End of the world, not today!
The new year is approaching fast. Will it mean much when the clock ticks away on Dec. 31 the last Monday of 2012 and welcomes on Jan. 1 the first Tuesday of 2013? Obviously nothing will change as not only the calendar we have been using, but all calendars are fictional creations of some brilliant brains to measure… To measure what? The distance between now and the past as well as the distance between today and the future…
BC, DC or whatever? Who can vouch in full heart the exact timing of the reported birth date of that soul holy for many? What was the relationship between pagan traditions, including their calendars and those officious servants who “conclaved” in Tarsus to produce the “real” holy book through shuffling sets of holy books? Still, belief is belief, has to be respected even by nonbelievers in this era of respect to rights and freedoms.
The oddest, of course, is the New Year’s Eve or the Christmas celebration in non-Christian lands where such traditions have neither cultural nor historical background. A communal illness of impersonation, as if they indeed belonged to that “other” culture? Some sort of inferiority complex or ill product of a defeatist psychology? Perhaps all, perhaps none.
Is it not strange that the first Christmas celebration was introduced to Turks by a Jewish-Turk hat merchant in the early 1960s in the famous “Pera” – today’s Beyoğlu district – of Istanbul? That Jewish-Turk, Vitaly Hakko, was the founder of today’s prestigious Vakko readymade garment and apparel chain. Hakko, in many interviews with the media explained in all detail what kind of a difficult job it was for a Jewish young man supporting a Christian tradition in a predominantly Muslim society because he believed such occasions were requirements of a “market economy.”
Hakko succeeded and in this predominantly Muslim society, despite all the anger of fundamentalists, the Christmas and New Year’s Eve period has become a time of shopping frenzy, a period of celebration, entertainment, a new beginning…
That was the catch phrase; a new beginning. Christian or not, this season offers everyone in this global village a possibility to make a fresh start… Or, at least the perception that a fresh start might be possible. Anyhow, in the social sciences perceptions are always more important than realities, are they not?

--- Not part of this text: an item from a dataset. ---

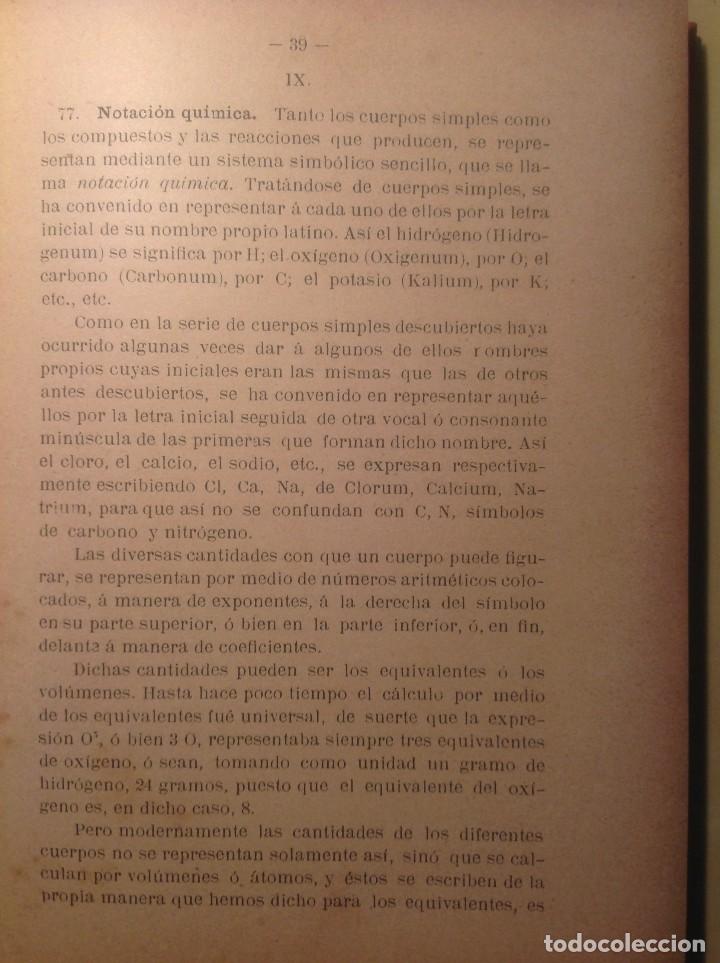 Libros antiguos: NOCIONES DE QUIMICA, DIAZ GUZMAN - Foto 3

Nowadays, there are quite a few doomsday prophecies thanks to the belief that a 5,125-year cycle known as the Long Count in the Mayan calendar will supposedly come to an end on Dec. 21. The Maya didn’t say much about what would happen next, but into that void have rushed occult writers, bloggers and New Age visionaries foreseeing all manner of monumental change. Obviously Dec. 22 will be no different than Dec. 21 and all this frenzy is nonsense. In the meantime, the Şirince village in Turkey’s Aegean region and the Bugarach village in southern France are thought by some to be the only places on earth where it may be possible to survive the end of the world and are battling to accommodate hundreds of thousands of “doomsday tourists.”
Anyhow, in Şirince, Bugarach or wherever you are, warmest greetings and best wishes for the holidays.